── Provided data ──

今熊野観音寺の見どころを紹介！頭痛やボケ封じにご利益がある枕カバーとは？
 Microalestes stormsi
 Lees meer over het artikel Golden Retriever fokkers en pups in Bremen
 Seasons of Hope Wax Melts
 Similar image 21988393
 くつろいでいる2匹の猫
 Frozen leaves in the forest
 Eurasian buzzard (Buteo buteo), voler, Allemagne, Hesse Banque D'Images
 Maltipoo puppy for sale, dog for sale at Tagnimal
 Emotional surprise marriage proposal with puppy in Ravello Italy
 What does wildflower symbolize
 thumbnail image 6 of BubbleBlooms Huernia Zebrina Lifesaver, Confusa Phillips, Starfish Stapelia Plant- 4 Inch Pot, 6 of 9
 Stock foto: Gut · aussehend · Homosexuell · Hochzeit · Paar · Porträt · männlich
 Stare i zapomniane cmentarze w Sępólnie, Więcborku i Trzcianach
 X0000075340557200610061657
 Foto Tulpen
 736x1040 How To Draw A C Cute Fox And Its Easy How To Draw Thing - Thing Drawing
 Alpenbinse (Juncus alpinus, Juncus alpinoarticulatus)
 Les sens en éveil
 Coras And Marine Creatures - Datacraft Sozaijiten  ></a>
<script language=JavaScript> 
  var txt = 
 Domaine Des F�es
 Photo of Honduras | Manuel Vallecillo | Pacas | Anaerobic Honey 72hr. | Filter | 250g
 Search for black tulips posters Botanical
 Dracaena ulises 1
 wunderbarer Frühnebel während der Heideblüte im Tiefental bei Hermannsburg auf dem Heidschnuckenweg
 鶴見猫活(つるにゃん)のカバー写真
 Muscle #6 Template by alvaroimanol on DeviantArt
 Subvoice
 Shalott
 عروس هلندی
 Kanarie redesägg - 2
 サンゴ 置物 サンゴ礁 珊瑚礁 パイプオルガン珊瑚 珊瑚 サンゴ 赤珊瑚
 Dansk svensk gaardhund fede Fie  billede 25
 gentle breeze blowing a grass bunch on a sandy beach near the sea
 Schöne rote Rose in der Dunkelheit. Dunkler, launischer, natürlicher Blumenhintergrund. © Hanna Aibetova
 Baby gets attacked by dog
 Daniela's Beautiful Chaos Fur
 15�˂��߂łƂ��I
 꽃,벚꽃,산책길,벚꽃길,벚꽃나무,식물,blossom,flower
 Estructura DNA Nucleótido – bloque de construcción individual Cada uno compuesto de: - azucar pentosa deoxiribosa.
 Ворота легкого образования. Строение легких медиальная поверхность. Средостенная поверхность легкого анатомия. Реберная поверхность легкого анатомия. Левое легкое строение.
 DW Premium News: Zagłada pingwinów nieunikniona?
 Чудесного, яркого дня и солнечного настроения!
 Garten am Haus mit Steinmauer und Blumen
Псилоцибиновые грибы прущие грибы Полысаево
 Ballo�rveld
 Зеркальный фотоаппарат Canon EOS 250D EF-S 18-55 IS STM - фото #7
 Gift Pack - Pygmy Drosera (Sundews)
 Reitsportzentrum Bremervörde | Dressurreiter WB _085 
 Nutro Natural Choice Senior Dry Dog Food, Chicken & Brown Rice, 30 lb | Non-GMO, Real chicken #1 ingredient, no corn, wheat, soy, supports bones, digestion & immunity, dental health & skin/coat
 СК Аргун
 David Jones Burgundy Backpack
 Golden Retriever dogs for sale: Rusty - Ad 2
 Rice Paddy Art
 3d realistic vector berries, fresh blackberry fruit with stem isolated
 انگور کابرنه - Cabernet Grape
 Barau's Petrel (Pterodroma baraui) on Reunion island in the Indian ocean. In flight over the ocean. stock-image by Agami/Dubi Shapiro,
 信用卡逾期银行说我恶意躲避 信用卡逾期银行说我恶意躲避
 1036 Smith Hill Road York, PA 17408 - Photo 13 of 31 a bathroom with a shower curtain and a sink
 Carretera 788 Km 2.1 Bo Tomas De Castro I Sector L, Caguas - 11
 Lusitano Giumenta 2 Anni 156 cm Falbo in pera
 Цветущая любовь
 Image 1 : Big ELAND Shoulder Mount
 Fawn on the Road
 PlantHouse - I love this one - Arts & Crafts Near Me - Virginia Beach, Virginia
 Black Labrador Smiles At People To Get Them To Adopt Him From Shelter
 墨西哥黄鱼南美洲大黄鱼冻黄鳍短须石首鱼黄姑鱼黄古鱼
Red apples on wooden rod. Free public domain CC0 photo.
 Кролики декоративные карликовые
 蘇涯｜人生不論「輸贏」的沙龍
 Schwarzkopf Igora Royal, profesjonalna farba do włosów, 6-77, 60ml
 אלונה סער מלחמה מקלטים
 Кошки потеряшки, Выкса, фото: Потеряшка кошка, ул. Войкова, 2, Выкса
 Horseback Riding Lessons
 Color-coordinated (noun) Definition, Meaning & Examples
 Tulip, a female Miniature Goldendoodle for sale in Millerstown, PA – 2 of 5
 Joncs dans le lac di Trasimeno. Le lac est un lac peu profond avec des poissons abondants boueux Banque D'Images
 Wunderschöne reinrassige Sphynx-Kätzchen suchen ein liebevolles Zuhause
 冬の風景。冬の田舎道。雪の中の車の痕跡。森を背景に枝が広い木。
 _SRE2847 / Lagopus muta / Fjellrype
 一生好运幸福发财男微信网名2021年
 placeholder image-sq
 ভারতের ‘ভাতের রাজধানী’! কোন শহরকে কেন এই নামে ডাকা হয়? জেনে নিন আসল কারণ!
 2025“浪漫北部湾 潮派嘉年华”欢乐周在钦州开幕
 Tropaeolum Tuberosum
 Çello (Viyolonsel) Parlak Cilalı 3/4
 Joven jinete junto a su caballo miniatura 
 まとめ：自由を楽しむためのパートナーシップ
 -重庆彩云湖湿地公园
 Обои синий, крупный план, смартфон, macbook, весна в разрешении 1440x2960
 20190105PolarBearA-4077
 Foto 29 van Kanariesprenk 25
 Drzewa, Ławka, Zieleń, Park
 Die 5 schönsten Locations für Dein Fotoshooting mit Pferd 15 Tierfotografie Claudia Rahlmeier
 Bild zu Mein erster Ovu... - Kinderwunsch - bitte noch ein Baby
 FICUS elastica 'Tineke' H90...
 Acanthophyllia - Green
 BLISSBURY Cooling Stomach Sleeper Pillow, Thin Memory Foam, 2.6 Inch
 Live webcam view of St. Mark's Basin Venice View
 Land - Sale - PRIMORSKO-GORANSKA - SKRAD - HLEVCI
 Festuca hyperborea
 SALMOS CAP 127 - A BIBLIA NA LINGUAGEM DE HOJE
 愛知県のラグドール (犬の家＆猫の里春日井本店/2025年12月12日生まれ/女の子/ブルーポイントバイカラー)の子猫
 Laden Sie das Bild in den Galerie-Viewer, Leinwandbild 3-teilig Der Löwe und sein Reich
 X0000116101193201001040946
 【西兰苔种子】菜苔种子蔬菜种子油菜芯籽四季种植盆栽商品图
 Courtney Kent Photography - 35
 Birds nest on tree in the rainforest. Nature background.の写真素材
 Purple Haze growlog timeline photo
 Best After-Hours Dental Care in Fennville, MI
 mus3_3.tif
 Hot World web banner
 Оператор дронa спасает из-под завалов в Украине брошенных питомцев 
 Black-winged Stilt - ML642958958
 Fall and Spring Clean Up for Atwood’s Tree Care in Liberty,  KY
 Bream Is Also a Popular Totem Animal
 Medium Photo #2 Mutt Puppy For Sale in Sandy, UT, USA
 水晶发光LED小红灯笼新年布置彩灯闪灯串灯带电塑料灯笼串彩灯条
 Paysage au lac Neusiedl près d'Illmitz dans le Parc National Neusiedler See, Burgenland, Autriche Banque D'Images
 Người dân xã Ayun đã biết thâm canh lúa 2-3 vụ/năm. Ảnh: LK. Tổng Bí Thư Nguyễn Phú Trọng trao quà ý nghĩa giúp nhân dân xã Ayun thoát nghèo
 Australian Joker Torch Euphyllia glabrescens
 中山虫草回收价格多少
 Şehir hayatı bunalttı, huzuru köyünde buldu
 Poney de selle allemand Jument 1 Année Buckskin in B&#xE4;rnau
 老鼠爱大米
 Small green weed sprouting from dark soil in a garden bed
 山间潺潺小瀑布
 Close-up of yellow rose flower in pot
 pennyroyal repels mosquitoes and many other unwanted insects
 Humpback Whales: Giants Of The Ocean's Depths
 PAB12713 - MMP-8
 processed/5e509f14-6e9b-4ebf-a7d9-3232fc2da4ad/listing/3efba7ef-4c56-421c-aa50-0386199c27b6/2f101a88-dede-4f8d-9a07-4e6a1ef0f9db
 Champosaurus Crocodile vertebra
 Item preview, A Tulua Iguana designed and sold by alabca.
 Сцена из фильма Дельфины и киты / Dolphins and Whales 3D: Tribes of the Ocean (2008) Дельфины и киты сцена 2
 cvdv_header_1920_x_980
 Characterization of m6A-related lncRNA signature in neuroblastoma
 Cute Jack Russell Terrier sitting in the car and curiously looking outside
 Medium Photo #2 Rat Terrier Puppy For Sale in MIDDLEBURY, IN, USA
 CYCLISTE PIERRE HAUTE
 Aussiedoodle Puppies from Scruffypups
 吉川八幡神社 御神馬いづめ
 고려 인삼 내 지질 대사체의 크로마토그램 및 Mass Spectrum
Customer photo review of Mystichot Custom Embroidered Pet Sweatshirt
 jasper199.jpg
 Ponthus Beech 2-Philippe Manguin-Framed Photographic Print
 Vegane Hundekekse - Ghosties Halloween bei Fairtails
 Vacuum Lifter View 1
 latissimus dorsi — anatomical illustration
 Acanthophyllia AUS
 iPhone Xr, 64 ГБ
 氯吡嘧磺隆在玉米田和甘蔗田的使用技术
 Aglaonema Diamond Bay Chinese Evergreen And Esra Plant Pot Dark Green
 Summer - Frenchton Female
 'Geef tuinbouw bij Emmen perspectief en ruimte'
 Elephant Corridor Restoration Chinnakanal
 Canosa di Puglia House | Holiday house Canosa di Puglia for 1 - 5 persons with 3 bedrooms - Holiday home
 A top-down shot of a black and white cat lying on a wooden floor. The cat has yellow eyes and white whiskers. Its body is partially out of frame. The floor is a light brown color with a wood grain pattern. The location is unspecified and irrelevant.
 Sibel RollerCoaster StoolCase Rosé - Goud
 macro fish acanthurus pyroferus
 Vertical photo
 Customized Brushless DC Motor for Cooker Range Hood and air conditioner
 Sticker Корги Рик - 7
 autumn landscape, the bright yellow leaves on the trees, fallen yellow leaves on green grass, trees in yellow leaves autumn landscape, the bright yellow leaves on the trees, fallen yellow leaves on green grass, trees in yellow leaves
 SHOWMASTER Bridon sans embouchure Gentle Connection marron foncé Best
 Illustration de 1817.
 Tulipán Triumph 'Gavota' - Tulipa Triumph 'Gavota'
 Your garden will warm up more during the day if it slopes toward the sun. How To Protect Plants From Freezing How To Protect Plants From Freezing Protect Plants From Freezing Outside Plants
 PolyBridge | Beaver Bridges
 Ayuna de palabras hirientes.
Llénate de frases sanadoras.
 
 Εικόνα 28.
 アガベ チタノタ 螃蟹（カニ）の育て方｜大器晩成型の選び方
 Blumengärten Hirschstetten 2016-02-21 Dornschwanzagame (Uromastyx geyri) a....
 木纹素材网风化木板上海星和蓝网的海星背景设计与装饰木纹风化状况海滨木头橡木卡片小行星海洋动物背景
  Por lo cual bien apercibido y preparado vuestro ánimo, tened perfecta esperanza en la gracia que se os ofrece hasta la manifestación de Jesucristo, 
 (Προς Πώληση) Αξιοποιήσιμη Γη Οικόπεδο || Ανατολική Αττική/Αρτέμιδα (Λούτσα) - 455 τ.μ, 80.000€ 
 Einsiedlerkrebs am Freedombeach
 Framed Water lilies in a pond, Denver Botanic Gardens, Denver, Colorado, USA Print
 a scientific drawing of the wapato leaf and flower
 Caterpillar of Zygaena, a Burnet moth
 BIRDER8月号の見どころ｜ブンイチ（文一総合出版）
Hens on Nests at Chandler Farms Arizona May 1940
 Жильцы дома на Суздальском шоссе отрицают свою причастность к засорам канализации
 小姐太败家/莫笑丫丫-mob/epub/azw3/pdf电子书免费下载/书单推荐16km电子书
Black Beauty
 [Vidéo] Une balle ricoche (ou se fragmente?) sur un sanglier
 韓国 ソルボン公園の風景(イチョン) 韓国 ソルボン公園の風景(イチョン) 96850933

───

■ Problem to solve: All that is wanted is a faithful reproduction of the line above with "Обои синий, крупный", the line with "Live webcam view", and every line in between.

■ Output for this task:
 Обои синий, крупный план, смартфон, macbook, весна в разрешении 1440x2960
 20190105PolarBearA-4077
 Foto 29 van Kanariesprenk 25
 Drzewa, Ławka, Zieleń, Park
 Die 5 schönsten Locations für Dein Fotoshooting mit Pferd 15 Tierfotografie Claudia Rahlmeier
 Bild zu Mein erster Ovu... - Kinderwunsch - bitte noch ein Baby
 FICUS elastica 'Tineke' H90...
 Acanthophyllia - Green
 BLISSBURY Cooling Stomach Sleeper Pillow, Thin Memory Foam, 2.6 Inch
 Live webcam view of St. Mark's Basin Venice View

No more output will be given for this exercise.